When you read between the lines of the Panasonic product announcement below, it's an acknowledgement there are issues with SDHC IMO. If Panasonic releases a SDXC firmware for your camera, SDXC will actually be good news. If there is no way to update the firmware for SDXC compatability, Panasonic should be ashamed.

Panasonic Introduces New 64 GB* and 48 GB* SDXC Memory Cards, Available Globally in February 2010

LAS VEGAS, Jan. 6 -- Panasonic today announced the availability of the company's first 64 GB** and 48 GB* SDXC Memory Cards. The new SDXC Memory Cards, the RP-SDW64GE1K (64 GB) and RP-SDW48GE1K (48 GB) are Panasonic's largest-sized GOLD cards with Class 10 speed specification. Featuring new advanced Super Intelligent Controller helps to improve the reliability of the card and extend its lifetime. The new 64 GB and 48 GB SDXC Memory Cards will be globally introduced in February 2010 with suggested retail prices of $599.95 and $449.95, respectively.

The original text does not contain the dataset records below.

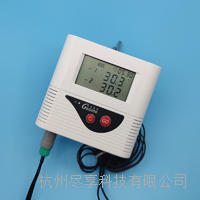 仓库温度记录仪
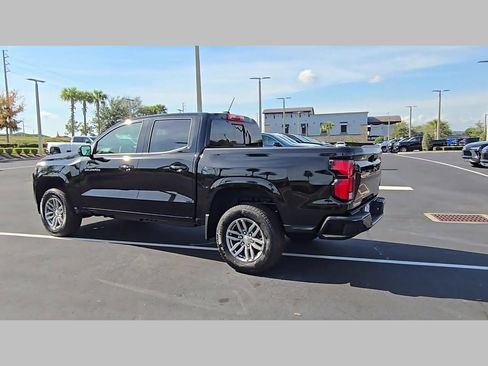 New 2026 Chevrolet Colorado LT w/ LT Convenience Package image 19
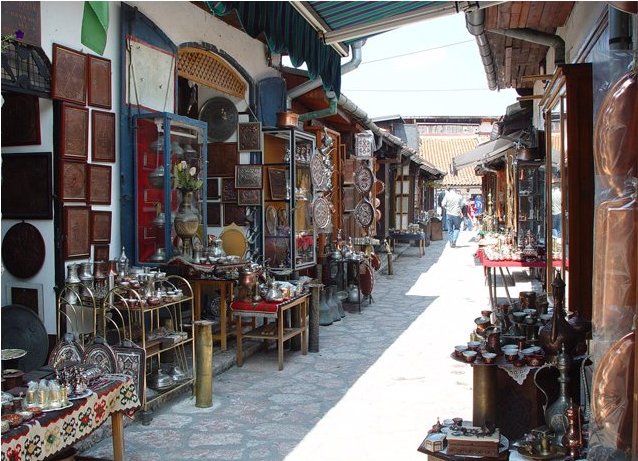 Sarajevo
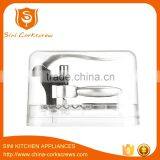 Hot Seeling Rabbit Corkscrew Professional Wine Opener Bottle Opener Quality Choice thumbnail-2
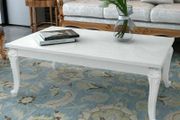 Coffee Table High Gloss White - Free Delivery Nationwide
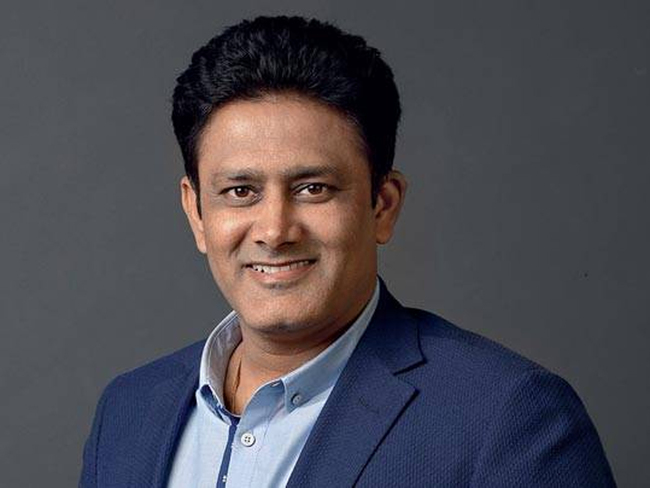 FamousPeopleFacts - Anil Kumble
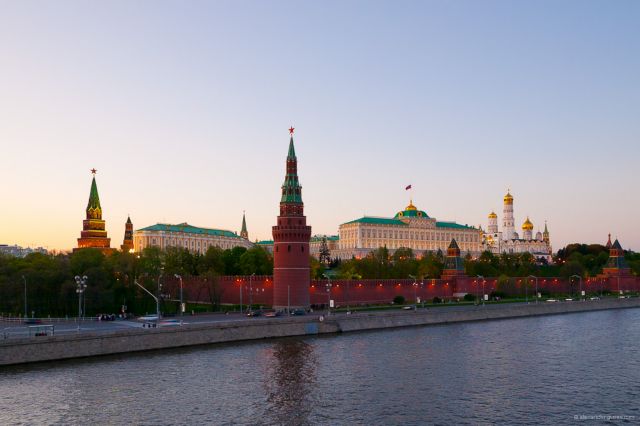 Κοροναϊός – «Οι αντιεμβολιαστές θέλουν να εξοντώσουν τον λαό», υποστηρίζει το Κρεμλίνο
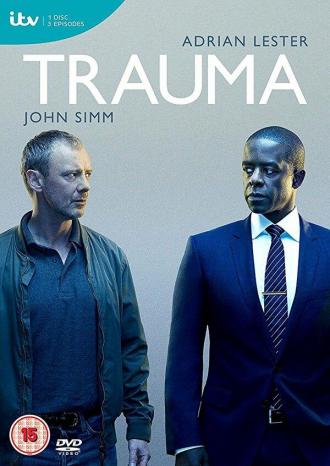 Trauma (tv-series 2018)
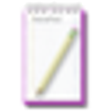 Icon of program: Classic NotePad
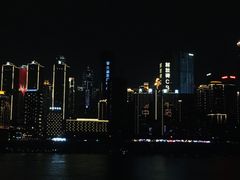 -白乐天毛肚火锅馆(南滨路店)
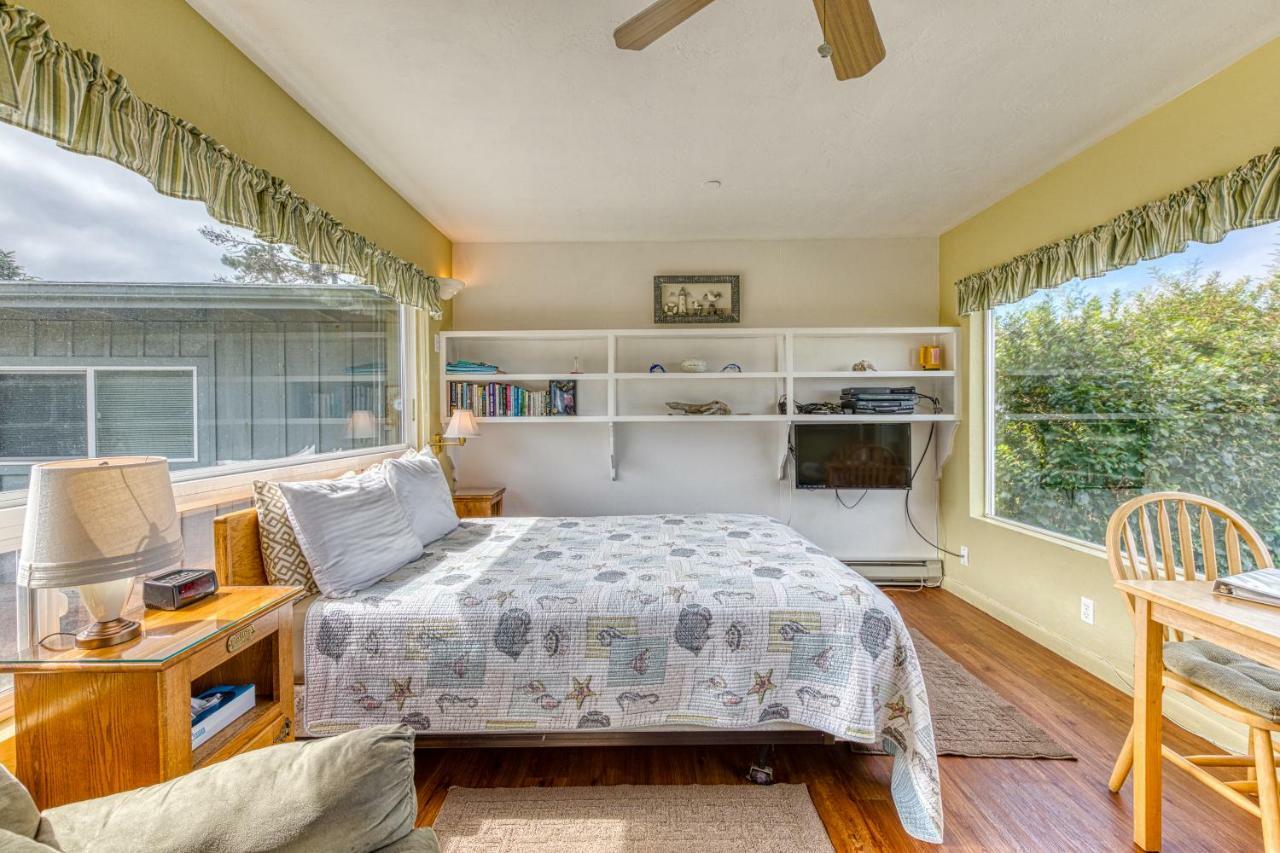 Ocean Vista Villa Bandon Ruang foto
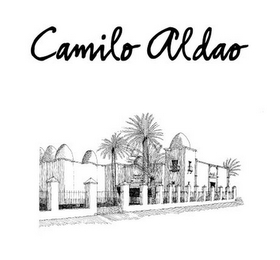 CAMILO ALDAO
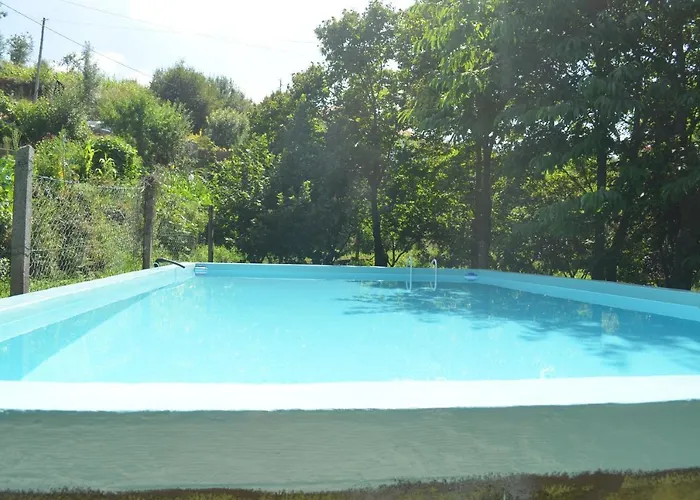 Carneiro Country Casa Batatas Amarante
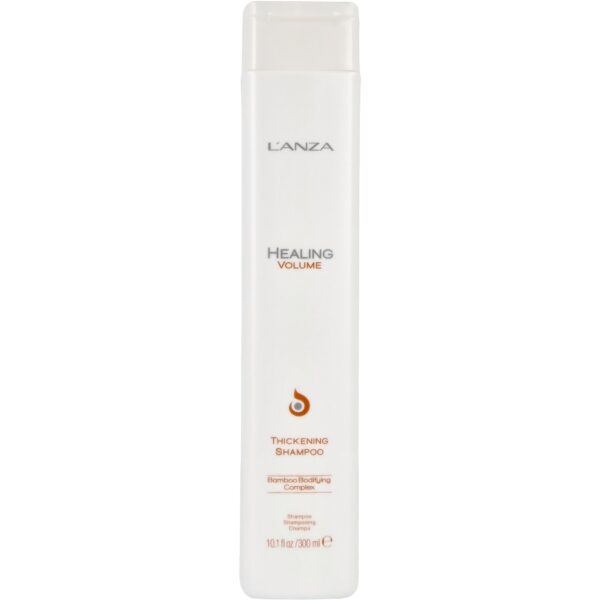 Lanza Healing Volume Thickening Shampoo 300 ml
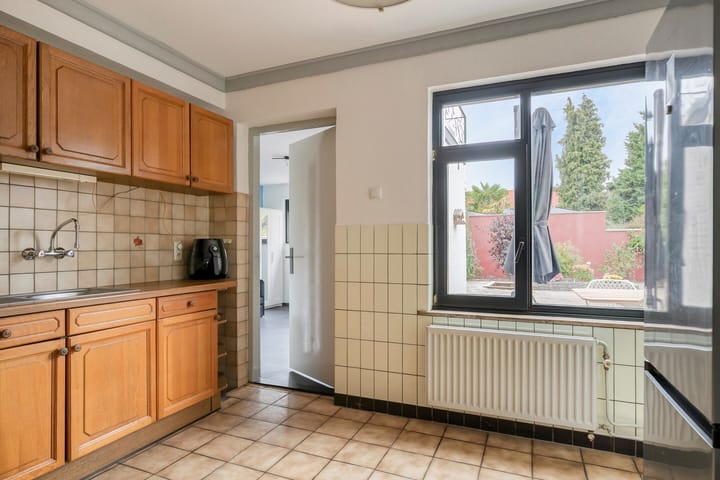 Foto 12 van Posthuisstraat 5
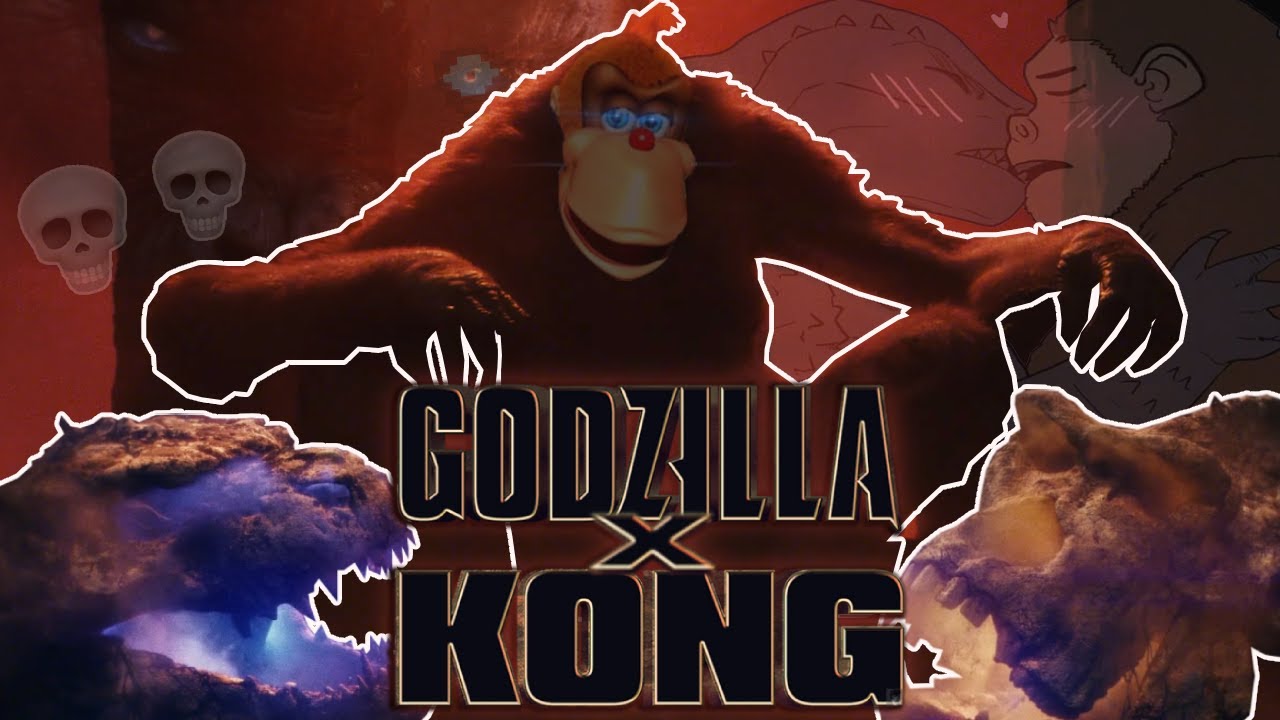 Godzilla x kong codes. Godzilla x Kong the New Empire 2024. Godzilla x King the New Empire. Godzilla x Kong 2023.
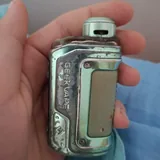 Vape Aegis Hero 2 и жидкости для вейпа 2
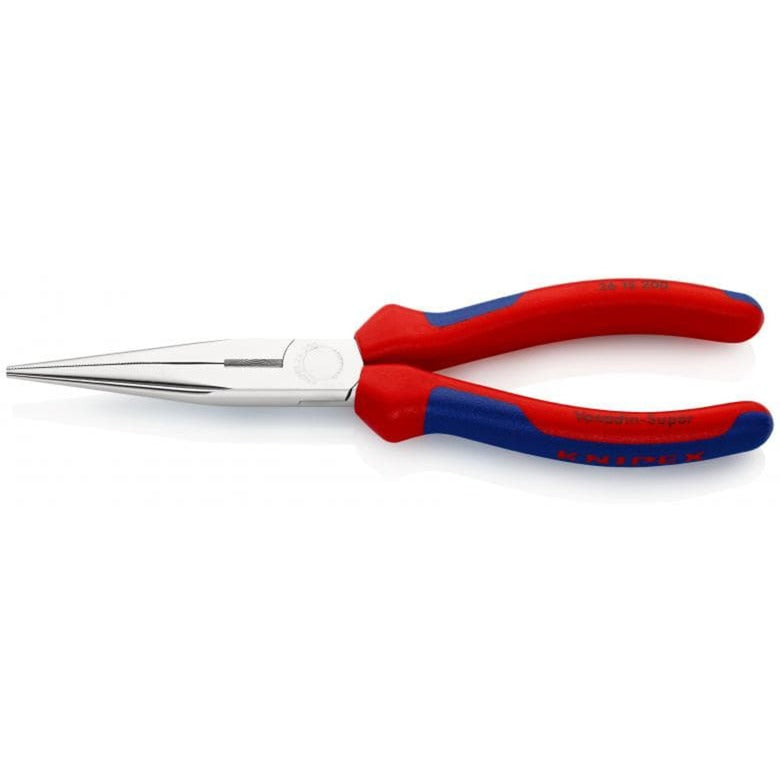 Knipex Plit -Il Tang con zijsnijder 200mm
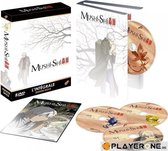 MUSHISHI - INTEGRALE Edit. Gold (5 DVD + Livret)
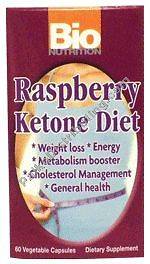 Raspberry Ketone Diet Weight Loss Fat Burner Dr. Oz   Bio Nutrition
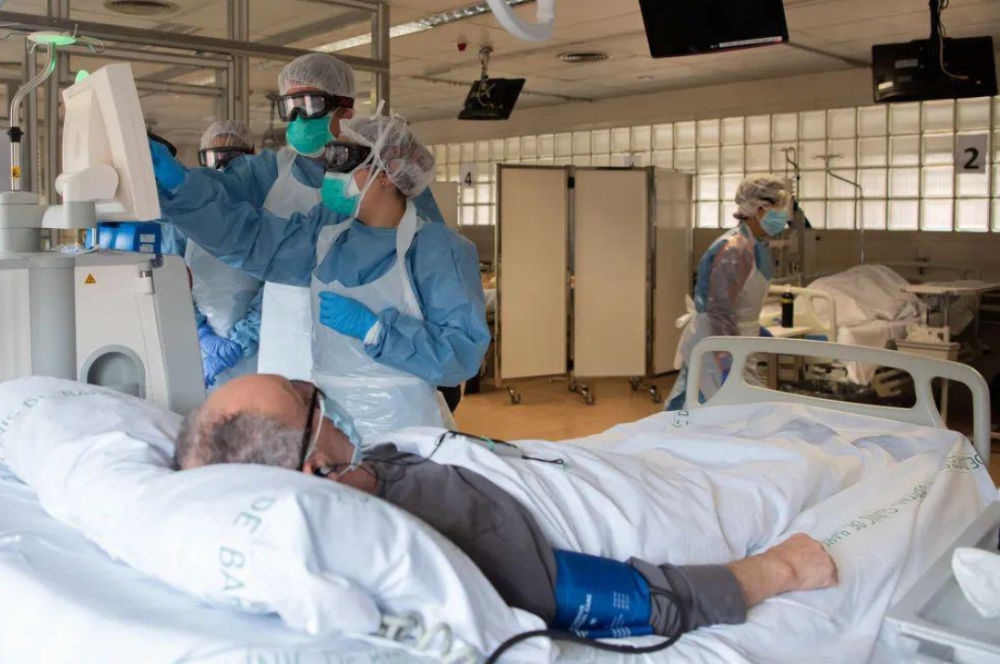 英国肺炎最新动态与全球关注🌍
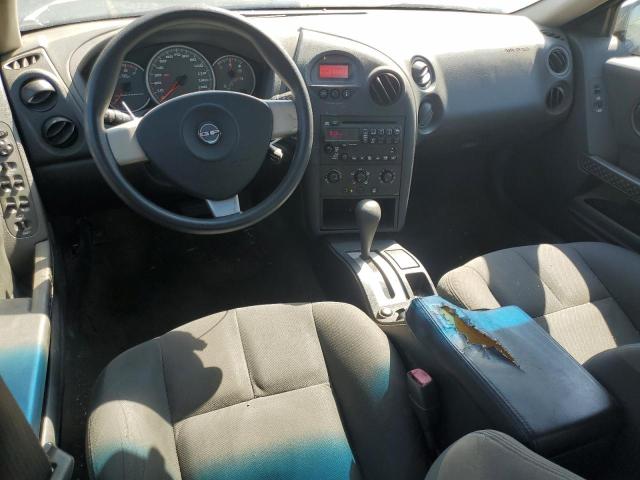 2G2WP522051174832 - 2005 PONTIAC GRAND PRIX 黑色 照片 8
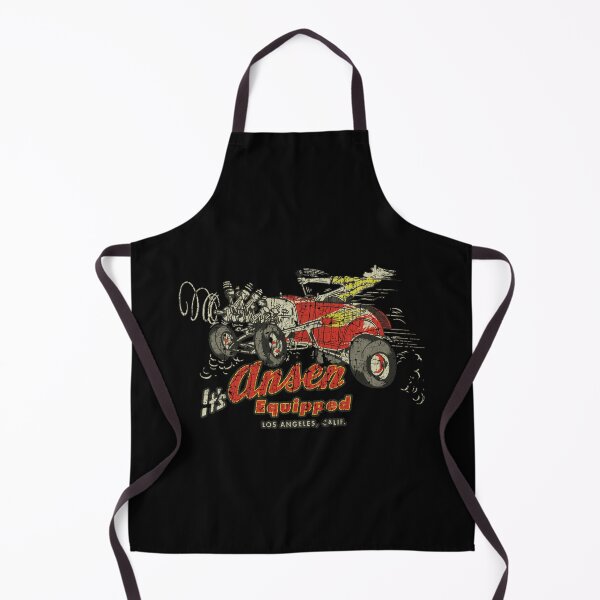 Item preview, Dynamic Sketch of a Speeding Custom Race Car with Flame designed and sold by JagoxAsruri.
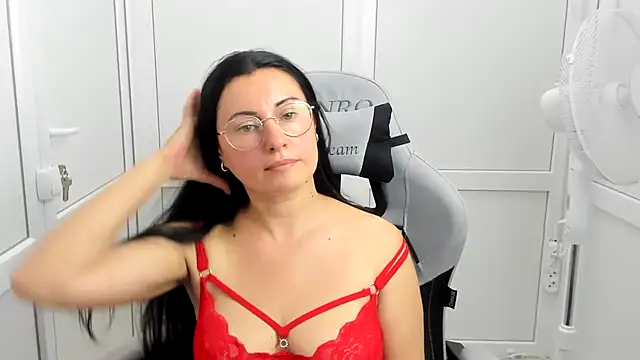 ChloeVibee webcam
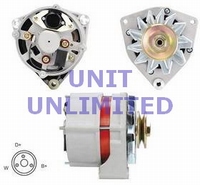DYNAMO DEUTZ 24 VOLT / 60 AMP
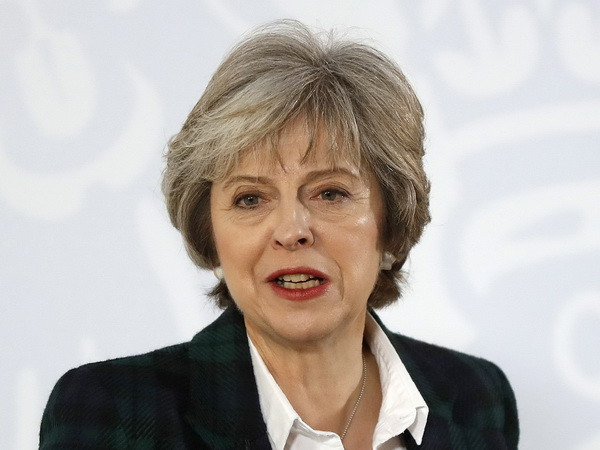 Chính phủ Anh bị cáo buộc che giấu thử tên lửa hạt nhân thất bại ảnh 1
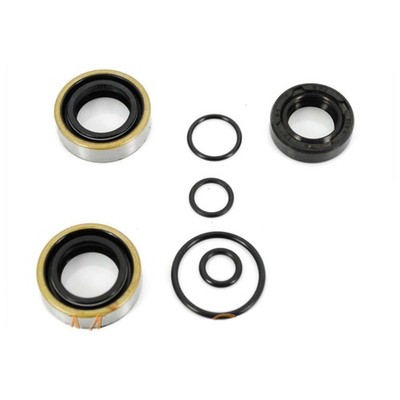7-teiliger Simmerring-O-Ring-Satz für Kreidler, Florett, RS, RMC, Eiertank Flore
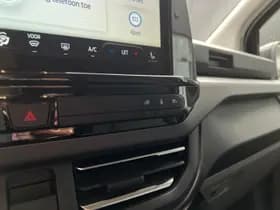 Ford Tourneo Custom 2.5 Plug-IN Hybrid 233 PK L1H1 Titanium X | Incl. BTW & BPM | 8 Persoons | Elektr. Schuifdeuren | Panorama dak | Trekhaak | Leer | B&O | Adaptive Cruise C. | thumbnail 51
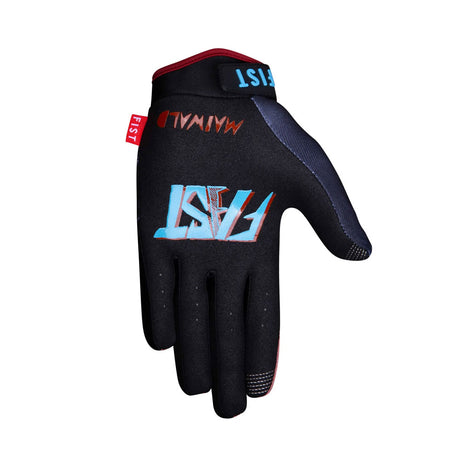 Fist Langfingerhandschuh Gnarly Gnala-2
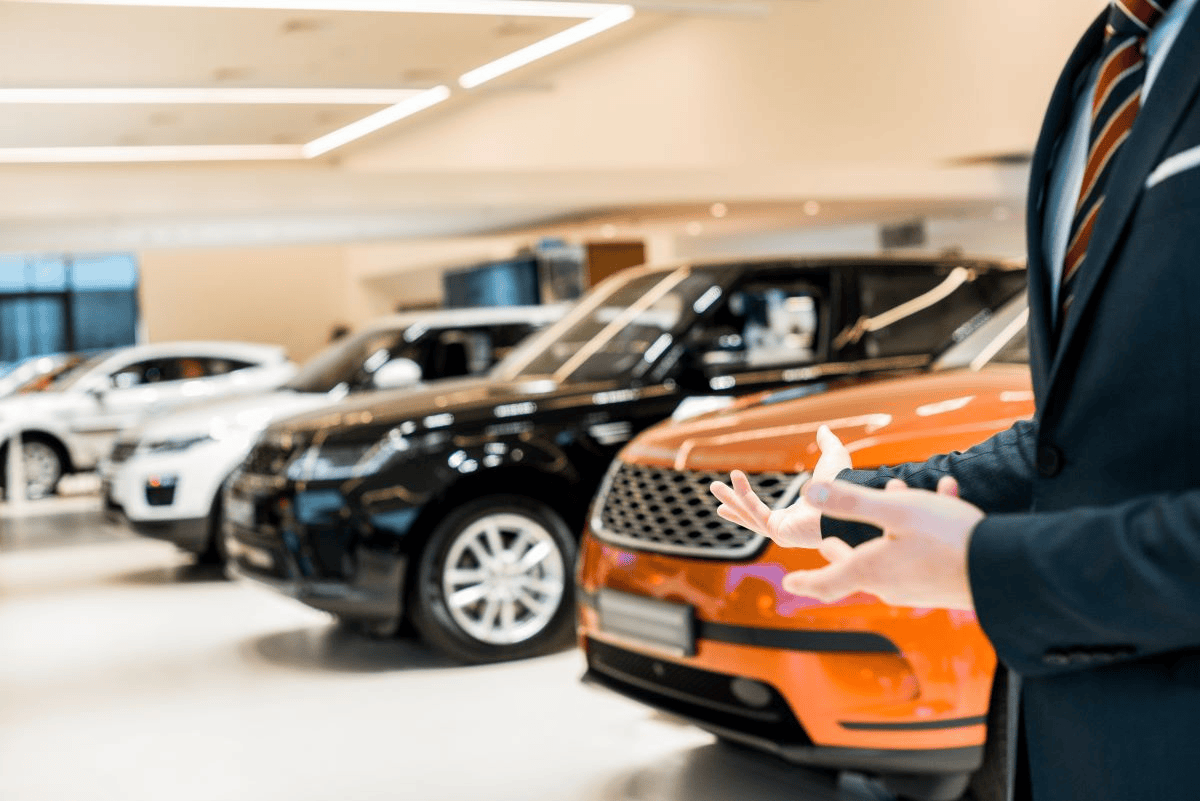 Can You Sue a Dealership for Negligence in Nevada?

SDXC is the next generation SD Memory Card, a new standard for storing data more than 32 GB and up to 2 terabytes. The Panasonic 64 GB SDXC Memory Card features a massive 64 GB of capacity, making it ideal for recording AVCHD High Definition video, high-resolution, or even RAW still photos. When used with Panasonic's newly-released camcorders, such as the Panasonic HDC-TM55, the 64 GB SDXC Memory Card can record up to 8 hours and 30 minutes of video, while recording in the highest video quality in HA mode. Or when recording in 1920 x 1080i in HE mode, the SDXC Memory Card can hold approximately 27 hours and 30 minutes of video. The 48 GB SDXC Memory Card will have nearly the same capacity as a dual-layer Blu-ray Disc, and can hold 6 hours and 20 minutes of HD video content recorded in HA mode and 20 hours and 20 minutes when recorded in HE mode.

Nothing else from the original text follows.